Rare earth element (REE) concentrations have been determined by Inductively Coupled Plasma-Mass Spectrometry (ICP-MS) in acid-sulphate and acid-sulphate-chloride waters and the associated sinters and volcanic rocks from the Yellowstone National Park (YNP), Wyoming, USA, geothermal system. REE concentrations in the volcanic rocks range from 222 to 347 ppm; their chondite-normalised REE patterns are typical of upper continental crust, with LREE > HREE and negative Eu anomalies. Total REE concentrations in the fluids range from 3 to 1133 nmol kg −1 (≥ 162 ppm), and ΣREE concentrations in sinter are ≥ 181 ppm.
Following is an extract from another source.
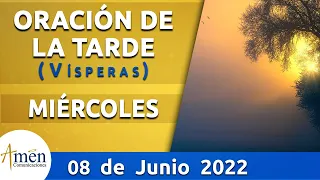 Oración de la Tarde Hoy Miércoles 08 Junio de 2022 l Padre Carlos Yepes | Católica | Dios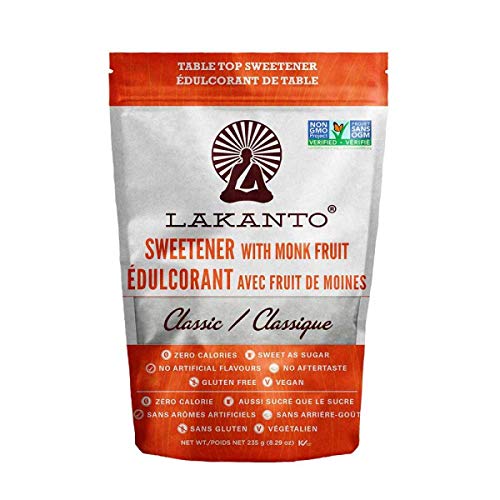 Lakanto, Sweetener Monkfruit Classic, 8.29 Ounce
REE abundances and patterns in drill core material from YNP indicate some REE mobility. Normalisation of REE concentrations in altered Lava Creek Tuff (LCT) from Y-12 drill core to REE concentrations in fresh LCT indicate that the REE overall have been depleted with the exception of Eu, which has been decoupled from the REE series and concentrated in the altered rocks. Relative to the host rocks the REE patterns of the fluids are variably depleted in HREEs and LREEs, and usually have a pronounced positive Eu anomaly. This decoupling of Eu from the REE suite suggests that (1) Eu has been preferentially removed either from the host rock glass or from the host rock minerals, or (2) the waters are from a high temperature or reducing environment where Eu 2+ is more soluble than the trivalent REEs. Since the latter is inconsistent with production of acid-sulphate springs in a low temperature, oxidising near-surface environment, we suggest that the positive Eu anomalies in the fluids result from preferential dissolution of a Eu-rich phase in the host rock. Spatial and temporal variations in major element chemistry and pH of the springs sampled from Norris Geyser Basin and Crater Hills accompany variations in REE concentrations and patterns of individual geothermal springs. These are possibly related to changes in subsurface plumbing, which results in variations in mixing and dilution of the geothermal fluids and may have lead to changes in the extent and nature of REE complexing.